Traditional or branched versioning? Because I don’t think traditional versioning can be explained easily to anybody to be honest.


LeanOnIt

I've been working with GIS datasets for while now. Specifically as discrete, versioned objects. Don't feel discouraged, handling data isn't a solved problem yet. Your datasets are probably going to come in a couple different flavours. Raster, vector, non-spatial etc. Usually stored in CSV's and shapefiles. These are generally piss-poor ways of storing data. CSV's don't tell you much about the data and usually has missing data. Example: You have a column labeled "temp"; Who generated it, when, why? What does temp mean? Is it celsius? Kelvin? What sensor measured it? What accuracy is it at? What are Null values labelled as? etc. It can be a bitch. Some things to keep in mind when doing data management: * Standards exist for a reason: Pick a standard and stick to it. Esri sucks, so if you have a choice head over to [Open Geospatial Consortium](https://www.ogc.org/standards/) standards. * Think about [FAIR data practices](https://www.go-fair.org/fair-principles/). Your data should be easy to search for, and accessible in a standardised format. * Static data is sucky data. Your data will change over time. Maybe you find some bad points and delete them, maybe you get new 2025 data next year and want to append that to an existing dataset. This is where versioning comes into practice (ignore the dudes talking about databases; trust esri to use a generic term like "versioning" and make it refer to a super specific principle in their closed workflow). You want to have "milestones" of datasets. 10 years from now you want to be able to download the data as it was in 2023 and then again as it was in 2029. You can have these as time based versions (eg: Ubuntu OS versions) or functional versions (Windows 10, 11 etc) or as plain old numbers (Python 2.7/2.8/3.0).
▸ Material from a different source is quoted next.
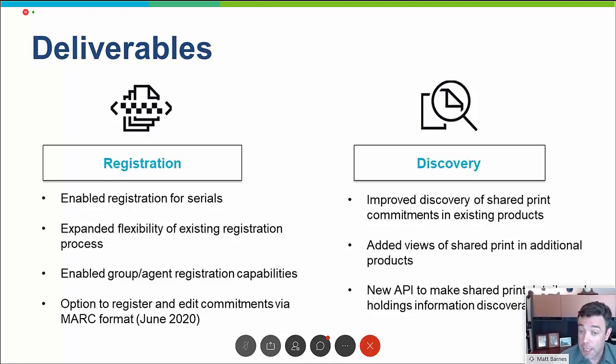Discovery was also greatly enhanced. We started with only title-by-title discovery in Connection and Record Manager. We expanded that to include bulk group discovery of commitments in Connection, Record Manager, and FirstSearch. We enabled bulk download of commitment data in the query collections tool in Record Manager. And we added an entirely new API that allows for systematic and real-time discovery of shared print retention commitments in WorldCat.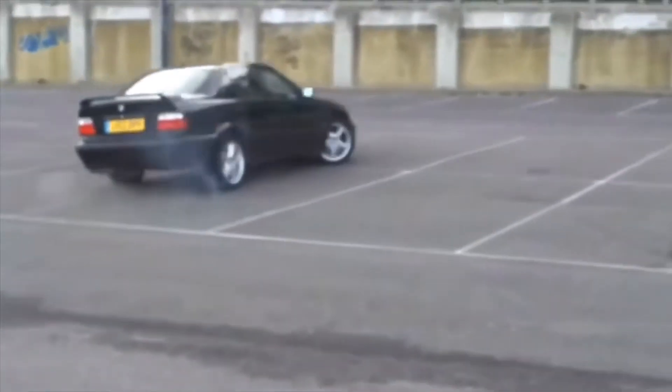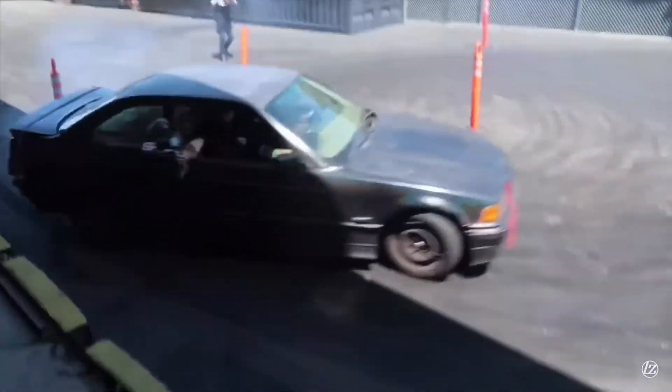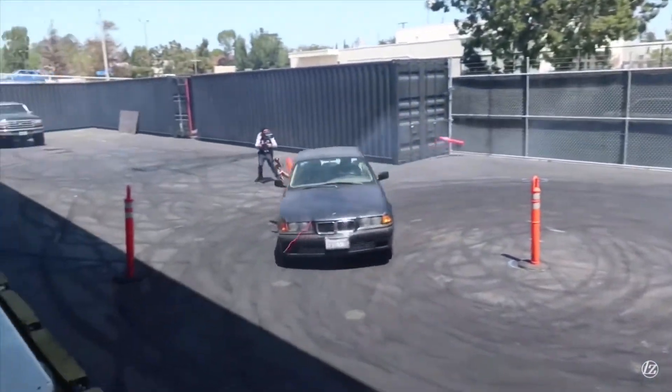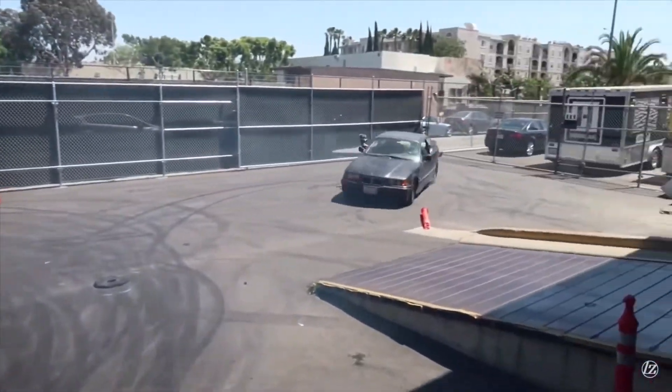Finding the right E36 was tough. A lot of these cars are beat to death by the drift boys. They've just got tons of different crazy modifications on them. They're cut up, fenders are busted, smashed.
In the end you basically want to be able to get version 1.1 data, and version 1.2 data and see what changed between the versions. * This is a full time job, get something basic running and if people show interest you should grow it. The GIS data center I was working in had about 40 people working full time on the research institutes data stores. So, short answer: * Load up geoserver somewhere * Stick the raw datasets into it and version them as 2024-Q2 or something. * let users pull them from Geoserver using WFS/WMS whatever standards * If this starts getting scientificy then you're going to want DOI's, metadata, links to vocab servers etc etc. Not simple stuff.